The article goes on in great detail, and I do not pretend I understand very much of it.  Its discussion of recurrent neural networks (RNNs), however, is highly pertinent to libraries and discovery.  The backpropagational algorithm is basically a process that adjusts the weights used in machine analysis while that analysis is taking place.  For example, RNNs "have been found to be very good at predicting the next character in the text, or next word in a sequence," and by such backpropagational adjustments, machine language translations have achieved greater levels of accuracy. (But why not complete accuracy? --read on.)  The process "is more compatible with the view that everyday reasoning involves many simultaneous analogies that each contribute plausibility to a conclusion." In their review's conclusion, the authors expect "systems that use RNNs to understand sentences or whole documents will become much better when they learn strategies for selectively attending to one part at a time."

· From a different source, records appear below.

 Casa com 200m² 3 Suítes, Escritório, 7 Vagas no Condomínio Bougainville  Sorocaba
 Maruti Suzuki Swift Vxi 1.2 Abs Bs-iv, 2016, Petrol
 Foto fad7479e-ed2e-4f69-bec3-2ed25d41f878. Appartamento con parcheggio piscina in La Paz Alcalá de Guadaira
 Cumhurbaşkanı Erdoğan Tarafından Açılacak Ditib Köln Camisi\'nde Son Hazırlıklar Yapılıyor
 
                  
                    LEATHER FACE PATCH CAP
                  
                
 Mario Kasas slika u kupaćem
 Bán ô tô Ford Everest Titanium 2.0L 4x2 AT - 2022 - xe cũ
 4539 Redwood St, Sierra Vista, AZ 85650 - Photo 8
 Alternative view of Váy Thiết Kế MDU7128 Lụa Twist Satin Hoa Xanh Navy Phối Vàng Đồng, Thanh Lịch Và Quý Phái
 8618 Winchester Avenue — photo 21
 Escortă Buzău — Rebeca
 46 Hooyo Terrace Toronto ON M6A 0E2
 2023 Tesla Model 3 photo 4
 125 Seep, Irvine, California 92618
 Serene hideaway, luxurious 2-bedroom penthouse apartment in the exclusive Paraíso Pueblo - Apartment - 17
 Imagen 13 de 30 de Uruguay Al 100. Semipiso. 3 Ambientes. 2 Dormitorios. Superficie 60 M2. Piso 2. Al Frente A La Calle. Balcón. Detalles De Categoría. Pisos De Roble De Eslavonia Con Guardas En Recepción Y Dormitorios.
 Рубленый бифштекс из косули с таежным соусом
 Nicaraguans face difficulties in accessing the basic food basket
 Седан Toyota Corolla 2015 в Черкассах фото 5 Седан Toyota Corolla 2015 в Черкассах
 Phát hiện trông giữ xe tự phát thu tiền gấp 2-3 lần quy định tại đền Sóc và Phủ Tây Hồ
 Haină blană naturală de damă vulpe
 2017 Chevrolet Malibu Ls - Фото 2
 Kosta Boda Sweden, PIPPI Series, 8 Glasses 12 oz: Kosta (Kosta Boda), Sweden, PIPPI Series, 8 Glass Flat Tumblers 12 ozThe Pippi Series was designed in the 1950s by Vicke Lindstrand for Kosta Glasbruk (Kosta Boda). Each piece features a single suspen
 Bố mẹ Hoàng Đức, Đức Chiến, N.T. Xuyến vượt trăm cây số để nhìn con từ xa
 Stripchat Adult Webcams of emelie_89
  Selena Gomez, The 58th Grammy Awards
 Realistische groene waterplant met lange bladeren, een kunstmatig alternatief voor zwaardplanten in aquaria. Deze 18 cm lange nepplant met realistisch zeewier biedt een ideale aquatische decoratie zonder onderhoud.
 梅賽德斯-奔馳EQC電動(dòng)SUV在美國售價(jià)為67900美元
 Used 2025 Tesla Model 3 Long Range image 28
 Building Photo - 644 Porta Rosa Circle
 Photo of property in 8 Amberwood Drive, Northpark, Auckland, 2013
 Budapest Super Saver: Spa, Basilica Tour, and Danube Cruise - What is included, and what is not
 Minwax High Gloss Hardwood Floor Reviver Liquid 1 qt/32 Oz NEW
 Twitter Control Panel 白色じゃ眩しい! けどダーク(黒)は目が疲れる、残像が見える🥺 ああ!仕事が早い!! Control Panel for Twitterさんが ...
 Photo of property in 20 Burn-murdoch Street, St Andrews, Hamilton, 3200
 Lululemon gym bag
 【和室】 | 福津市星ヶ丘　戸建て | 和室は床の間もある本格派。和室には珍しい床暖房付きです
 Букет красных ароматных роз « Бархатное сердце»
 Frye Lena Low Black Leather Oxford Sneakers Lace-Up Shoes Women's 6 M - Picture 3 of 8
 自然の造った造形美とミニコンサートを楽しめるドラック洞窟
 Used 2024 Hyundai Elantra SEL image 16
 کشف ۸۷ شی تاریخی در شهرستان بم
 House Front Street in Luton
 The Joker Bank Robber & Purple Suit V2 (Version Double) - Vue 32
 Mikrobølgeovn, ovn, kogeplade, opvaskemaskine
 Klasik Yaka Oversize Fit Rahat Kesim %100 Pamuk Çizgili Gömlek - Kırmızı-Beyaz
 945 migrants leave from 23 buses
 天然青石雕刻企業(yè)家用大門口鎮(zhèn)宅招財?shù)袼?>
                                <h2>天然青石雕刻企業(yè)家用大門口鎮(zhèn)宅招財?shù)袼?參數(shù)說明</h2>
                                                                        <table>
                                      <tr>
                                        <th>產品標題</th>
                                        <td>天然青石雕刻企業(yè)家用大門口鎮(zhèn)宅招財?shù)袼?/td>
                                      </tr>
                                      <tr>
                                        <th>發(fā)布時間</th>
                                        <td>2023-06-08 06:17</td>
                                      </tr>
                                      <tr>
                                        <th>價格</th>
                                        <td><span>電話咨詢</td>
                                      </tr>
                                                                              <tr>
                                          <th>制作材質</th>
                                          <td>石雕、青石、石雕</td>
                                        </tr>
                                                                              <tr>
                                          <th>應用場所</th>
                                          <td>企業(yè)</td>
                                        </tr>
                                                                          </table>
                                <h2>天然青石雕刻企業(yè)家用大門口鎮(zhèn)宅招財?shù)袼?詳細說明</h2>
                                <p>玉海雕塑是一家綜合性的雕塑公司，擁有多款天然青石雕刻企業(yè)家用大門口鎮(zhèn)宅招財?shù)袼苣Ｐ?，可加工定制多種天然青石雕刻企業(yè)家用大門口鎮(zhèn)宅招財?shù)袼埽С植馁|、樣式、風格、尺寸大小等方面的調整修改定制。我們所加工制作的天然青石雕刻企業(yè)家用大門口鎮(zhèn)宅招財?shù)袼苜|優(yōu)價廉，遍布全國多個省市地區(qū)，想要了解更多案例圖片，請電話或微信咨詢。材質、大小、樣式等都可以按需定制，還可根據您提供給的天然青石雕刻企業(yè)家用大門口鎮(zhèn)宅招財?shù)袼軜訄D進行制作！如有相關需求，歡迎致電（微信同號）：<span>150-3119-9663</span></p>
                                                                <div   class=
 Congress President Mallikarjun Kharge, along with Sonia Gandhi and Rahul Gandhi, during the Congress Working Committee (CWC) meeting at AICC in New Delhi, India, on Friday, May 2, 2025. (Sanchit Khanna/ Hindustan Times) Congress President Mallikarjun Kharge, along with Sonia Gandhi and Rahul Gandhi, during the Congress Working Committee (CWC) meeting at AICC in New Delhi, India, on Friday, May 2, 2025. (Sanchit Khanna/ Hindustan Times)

After all this, what do you know? Yewno presents the results of deep learning through recurrent neural networks that identify nonlinear concepts in a text, a kind of "knowledge." Hence Ruth Pickering can plausibly state:

Yewno's mission is "Knowledge Singularity" and by that we mean the day when knowledge, not information, is at everyone's fingertips. In the search and discovery space the problems that people face today are the overwhelming volume of information and the fact that sources are fragmented and dispersed. There' a great T.S. Eliot quote, "Where's the knowledge we lost in information" and that sums up the problem perfectly. (source: Meadows' post)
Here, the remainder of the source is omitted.